# 30 Canned Foods You Never Knew Existed



## Kellog (Mar 3, 2012)

Wow. I just ran across this: 
http://www.buzzfeed.com/thefalafel/30-canned-foods-you-probably-never-knew-existed-4x8q
Who knew there's such a thing as canned cheeseburgers?? With the bun!! 
Some made me laugh...several made me go EWWWWW.... not sure #30 is legit. 
Could add some *interesting* variety to one's preps though.


----------



## Toffee (Mar 13, 2012)

It would be interesting to try the canned sushi and a few other things on there lol


----------



## Davarm (Oct 22, 2011)

Kellog said:


> Wow. I just ran across this:
> http://www.buzzfeed.com/thefalafel/30-canned-foods-you-probably-never-knew-existed-4x8q
> Who knew there's such a thing as canned cheeseburgers?? With the bun!!
> Some made me laugh...several made me go EWWWWW.... not sure #30 is legit.
> Could add some *interesting* variety to one's preps though.


I made a post the other day(Joke Of The Day) about a tourist that bought a can of fish a$$ holes at a bait shop in South Texas. He was irate because the can was empty.

That Bait Shop also had aerosol cans of "Canned Farts" but I dont think that wold qualify as "Food"


----------



## UncleJoe (Jan 11, 2009)

I like #16; Pork Brain. 3500mg of cholesterol. 1170%DV.


----------



## jungatheart (Feb 2, 2010)

Saw "Spotted Dick" canned on Amazon.


----------



## PrepN4Good (Dec 23, 2011)

I'm glad I already ate, b/c I can't imagine keeping anything down after looking at those pictgures. (where's that vomit icon when you need it??)

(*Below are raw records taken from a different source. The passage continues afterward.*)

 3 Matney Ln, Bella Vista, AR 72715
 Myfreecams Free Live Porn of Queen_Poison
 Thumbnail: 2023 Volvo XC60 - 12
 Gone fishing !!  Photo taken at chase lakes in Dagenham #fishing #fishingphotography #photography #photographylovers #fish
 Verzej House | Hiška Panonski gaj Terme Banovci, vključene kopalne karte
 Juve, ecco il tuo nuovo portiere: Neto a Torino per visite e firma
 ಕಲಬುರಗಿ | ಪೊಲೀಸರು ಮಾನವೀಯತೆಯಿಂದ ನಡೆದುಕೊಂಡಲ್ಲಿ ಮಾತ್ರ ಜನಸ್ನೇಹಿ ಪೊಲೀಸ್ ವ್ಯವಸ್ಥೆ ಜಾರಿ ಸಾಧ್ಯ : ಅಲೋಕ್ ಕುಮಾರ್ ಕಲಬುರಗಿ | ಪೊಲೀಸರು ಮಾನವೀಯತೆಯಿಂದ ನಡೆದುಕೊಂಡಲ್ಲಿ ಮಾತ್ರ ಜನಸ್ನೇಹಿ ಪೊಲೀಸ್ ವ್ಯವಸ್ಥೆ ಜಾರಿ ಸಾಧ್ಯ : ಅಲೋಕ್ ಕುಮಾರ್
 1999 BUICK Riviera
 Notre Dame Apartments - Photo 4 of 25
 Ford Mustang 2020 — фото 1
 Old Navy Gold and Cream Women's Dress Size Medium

I knew "spotted dick" was real, it was referenced in one of the Harry Potter books so I had to look it up.


----------



## The_Blob (Dec 24, 2008)

I know that a couple of those are 'gag gifts' (armadillo & possum), I suspect many others are also


----------



## Kellog (Mar 3, 2012)

Davarm said:


> I made a post the other day(Joke Of The Day) about a tourist that bought a can of fish a$$ holes at a bait shop in South Texas. He was irate because the can was empty.


LOL!! Now we know what that tourist did with the can...it's on Buzzfeed!

That canned whole chicken was quite a sight. 



> *The_Blob* said: I know that a couple of those are 'gag gifts' (armadillo & possum), I suspect many others are also


Yup...gag is definitely the appropriate word....


----------



## Magus (Dec 1, 2008)

Spotted dick is on sale locally at our Kroger in the international section.Apparently it's pudding of some kind.


----------



## Toffee (Mar 13, 2012)

Magus said:


> Spotted dick is on sale locally at our Kroger in the international section.Apparently it's pudding of some kind.


It's a British pudding. It's what most of us would consider to be a moist bread, kind of like pineapple upside down cake and it has raisins, hence the spotted part.


----------



## dirtgrrl (Jun 5, 2011)

Canned whole chickens are great for soup ...


----------



## Jason (Jul 25, 2009)

I got a kick out of the "pizza flavored meat".


----------



## Davarm (Oct 22, 2011)

Toffee said:


> It's a British pudding. It's what most of us would consider to be a moist bread, kind of like pineapple upside down cake and it has raisins, hence the spotted part.


Leave it to the Brits, gotta love em though.


----------